BENNANI, WHO IS 33, was born in the coastal city of Rabat, Morocco’s capital, the middle of three sisters. The family was close, but she always relished time alone drawing, messing around on the computer and entering into fantasy worlds. Her father, an architect, and mother, a pharmacist who often appears in Bennani’s videos playing a version of herself, were encouraging. She grew up “obsessed with the Cartoon Network,” and watched it well beyond the point when her friends lost interest. Bennani attended an elite French school, a legacy of Morocco’s colonial past, which she describes as a factory “of good colonized people who will perpetuate soft power.” She studied French instead of Moroccan history, and internalized a conviction that the French language was superior to Arabic. “You start to have a very unhealthy relationship to your own culture and feel like you don’t recognize yourself,” she says. “I’ve done so much work to try to emancipate myself from that.”

After high school, she studied art at the École Nationale Supérieure des Arts Décoratifs in Paris and Cooper Union in New York and, in 2019, returned to her old French school to make a documentary, “Mission Teens,” about the way that a postcolonial education shapes, and often warps, some Moroccan students.
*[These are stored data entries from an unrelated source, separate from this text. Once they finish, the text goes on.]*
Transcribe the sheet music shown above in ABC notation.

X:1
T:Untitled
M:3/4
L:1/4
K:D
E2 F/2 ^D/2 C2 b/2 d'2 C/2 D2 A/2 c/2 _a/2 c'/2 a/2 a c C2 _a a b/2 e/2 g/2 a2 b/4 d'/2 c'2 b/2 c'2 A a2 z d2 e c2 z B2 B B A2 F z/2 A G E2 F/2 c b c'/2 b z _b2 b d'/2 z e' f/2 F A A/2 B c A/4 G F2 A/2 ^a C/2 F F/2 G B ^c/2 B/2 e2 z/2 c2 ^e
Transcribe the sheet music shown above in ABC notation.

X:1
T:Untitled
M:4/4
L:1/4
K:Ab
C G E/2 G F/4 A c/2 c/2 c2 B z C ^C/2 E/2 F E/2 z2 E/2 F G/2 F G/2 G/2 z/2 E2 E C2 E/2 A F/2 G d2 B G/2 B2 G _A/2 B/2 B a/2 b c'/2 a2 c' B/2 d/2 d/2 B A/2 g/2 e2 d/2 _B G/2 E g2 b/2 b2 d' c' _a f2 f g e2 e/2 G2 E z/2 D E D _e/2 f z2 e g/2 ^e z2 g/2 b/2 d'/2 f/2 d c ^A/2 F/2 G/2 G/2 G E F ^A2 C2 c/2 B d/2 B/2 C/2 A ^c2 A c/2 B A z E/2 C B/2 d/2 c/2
Bennani, as interviewer, casts herself in the role of a miniature donkey holding a camera, and we occasionally glimpse her as she observes the teenagers studying the history of colonialism in class, or a group of cool girls gossiping and dancing suggestively. One boy she interviews delivers a jingoistic monologue about “real Moroccans,” as he shows her his closet full of designer clothing and orders the Indonesian women who work in his house to bring him lunch. As he comments unselfconsciously on what he considers to be the distasteful habits of the underclass, we see Bennani’s donkey avatar reflected in his sunglasses, allowing us to see her seeing him, to judge as we might. But Bennani isn’t interested in condemnation or fun at his expense. Instead, she’s more attuned to the jumble of forces — historical, familial, cultural — that form an identity, and the bleak hilarity that can ensue as a result.
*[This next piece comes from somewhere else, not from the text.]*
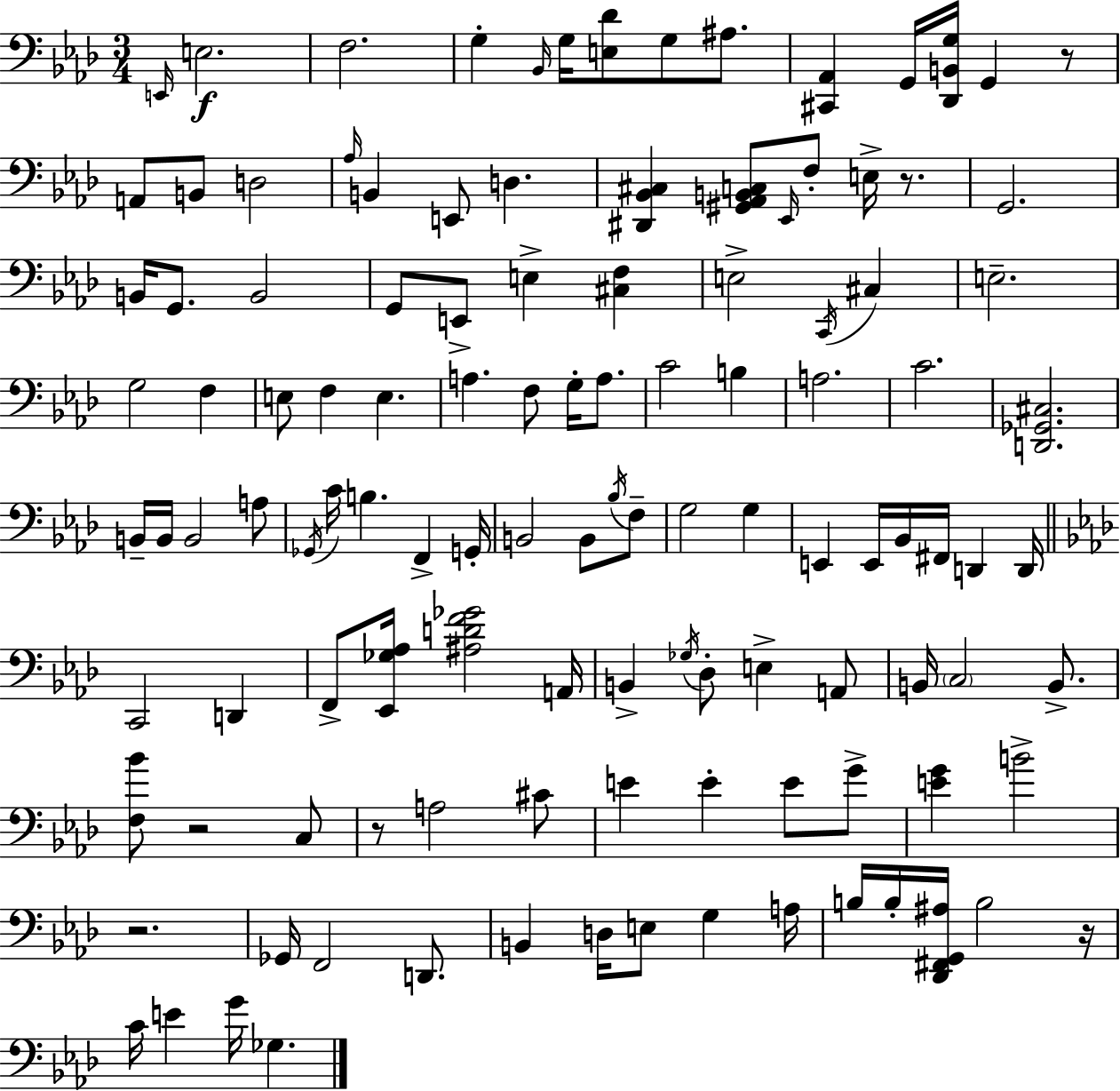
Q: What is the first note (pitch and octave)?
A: E2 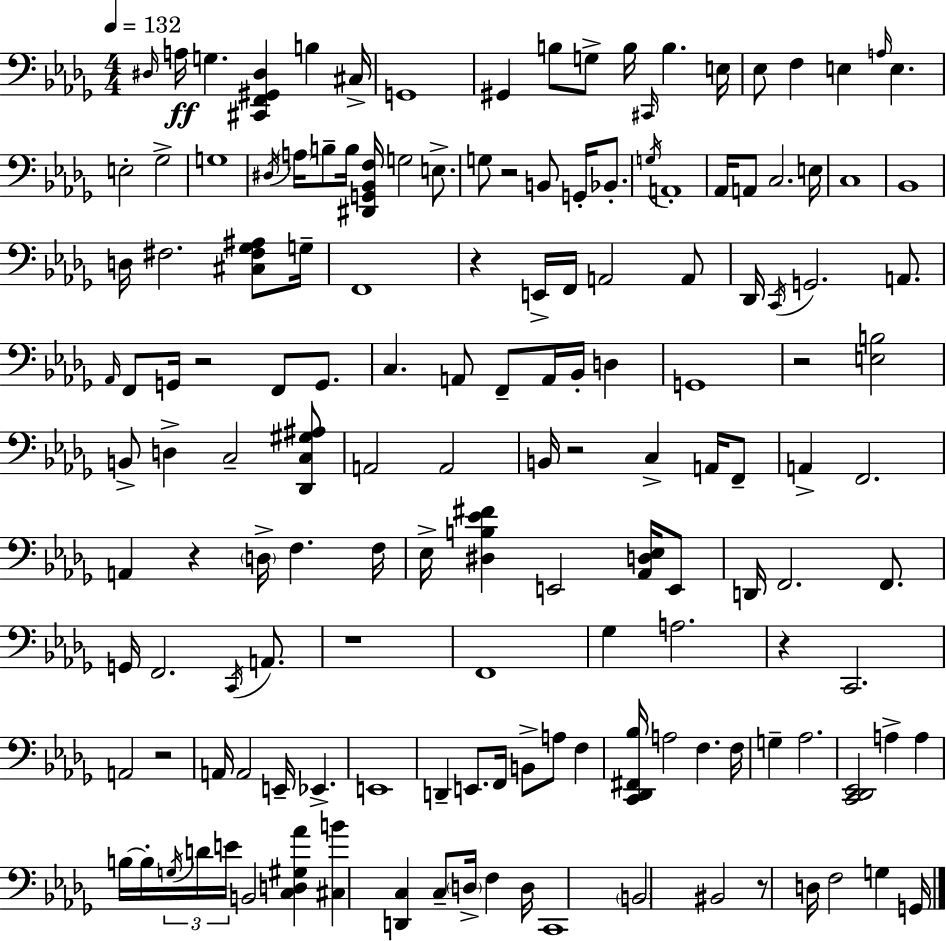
D#3/s A3/s G3/q. [C#2,F2,G#2,D#3]/q B3/q C#3/s G2/w G#2/q B3/e G3/e B3/s C#2/s B3/q. E3/s Eb3/e F3/q E3/q A3/s E3/q. E3/h Gb3/h G3/w D#3/s A3/s B3/e B3/s [D#2,G2,Bb2,F3]/s G3/h E3/e. G3/e R/h B2/e G2/s Bb2/e. G3/s A2/w Ab2/s A2/e C3/h. E3/s C3/w Bb2/w D3/s F#3/h. [C#3,F#3,Gb3,A#3]/e G3/s F2/w R/q E2/s F2/s A2/h A2/e Db2/s C2/s G2/h. A2/e. Ab2/s F2/e G2/s R/h F2/e G2/e. C3/q. A2/e F2/e A2/s Bb2/s D3/q G2/w R/h [E3,B3]/h B2/e D3/q C3/h [Db2,C3,G#3,A#3]/e A2/h A2/h B2/s R/h C3/q A2/s F2/e A2/q F2/h. A2/q R/q D3/s F3/q. F3/s Eb3/s [D#3,B3,Eb4,F#4]/q E2/h [Ab2,D3,Eb3]/s E2/e D2/s F2/h. F2/e. G2/s F2/h. C2/s A2/e. R/w F2/w Gb3/q A3/h. R/q C2/h. A2/h R/h A2/s A2/h E2/s Eb2/q. E2/w D2/q E2/e. F2/s B2/e A3/e F3/q [C2,Db2,F#2,Bb3]/s A3/h F3/q. F3/s G3/q Ab3/h. [C2,Db2,Eb2]/h A3/q A3/q B3/s B3/s G3/s D4/s E4/s B2/h [C3,D3,G#3,Ab4]/q [C#3,B4]/q [D2,C3]/q C3/e D3/s F3/q D3/s C2/w B2/h BIS2/h R/e D3/s F3/h G3/q G2/s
Bennani in her Brooklyn apartment.Credit…Cheril Sanchez

Her videos are filled with special effects, which are emphatically lo-fi: “I’m really interested in bringing special effects in footage that is not shot really high production because, to me, it’s the same trick as some horror movies that look like you could have shot them on an iPhone. When the horror happens, it looks so real that it’s actually terrifying,” she says. She’s trying to achieve the same emotional immediacy, with little jolts of fantasy that make the real world feel heightened and destabilized.

In her videos, there are animated gadgets (toasters, security cameras) that dance and sing, animal narrators and fictionalized dream world scenarios, all of which share a deliberate, unpolished aesthetic that recalls early aughts clip art. In this way, she exists in a lineage of low-budget, high-concept narrative video artists that includes Lynn Hershman Leeson, Joan Jonas and Pipilotti Rist. And yet the populism inherent in her work separates her from many of her forebears. Even though it’s full of surreal animations, Bennani has increasingly come to categorize her work as a type of documentary. She likes to put real people — relatives, friends and larger-than-life characters she finds on YouTube and Instagram — in fictional scenarios. “It kind of makes them more emotionally accessible than a very straight-up dry documentary approach that presents itself as sincere, as not artificial, but actually is a complete construct,” she says.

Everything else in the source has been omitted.